**Source material**:
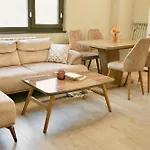 Daire 2br Centralside Retreat With Free Private Parking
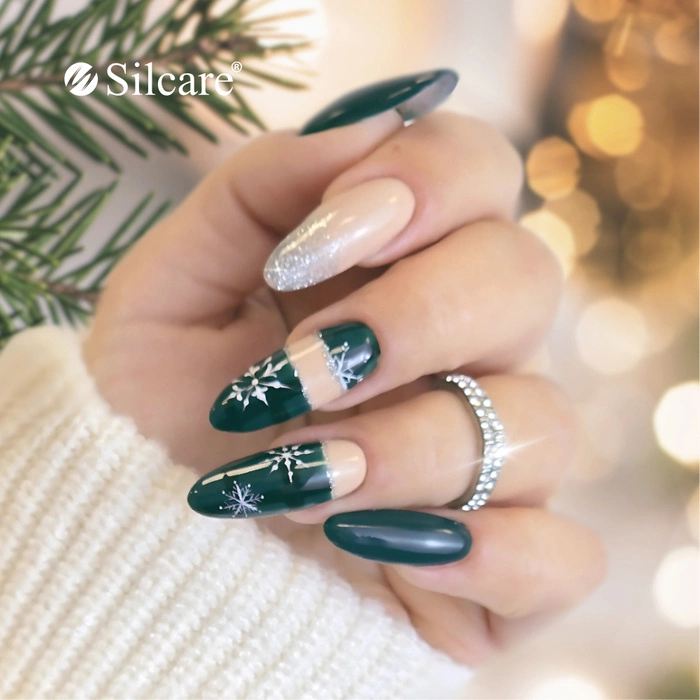 Flexy Hybrid Gel nail polish 152 Bottle Green 4.5 g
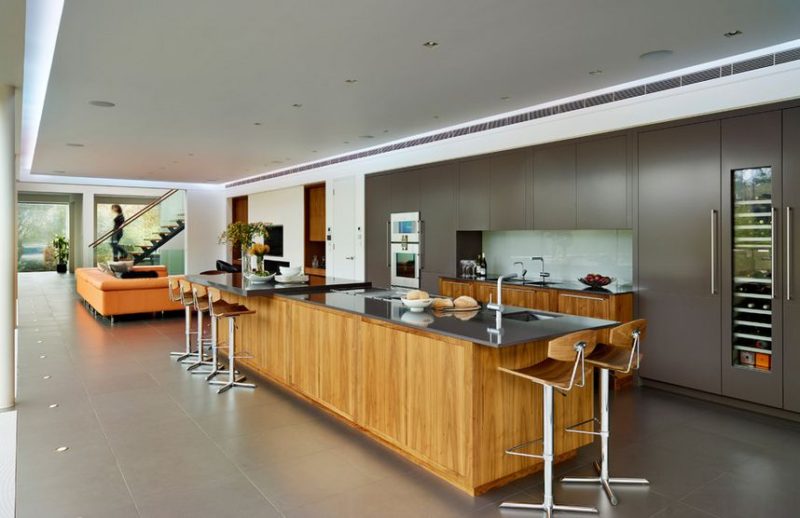 30 Two Tone Kitchen Cabinets With A Stylish and Modern Vibe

**Description of the task**: Your copy should hold exactly the lines from the line bearing "Flexy Hybrid Gel" through the end of the data, both included, and no pictures or anything further.

**Answer to this problem**:
 Flexy Hybrid Gel nail polish 152 Bottle Green 4.5 g
 30 Two Tone Kitchen Cabinets With A Stylish and Modern Vibe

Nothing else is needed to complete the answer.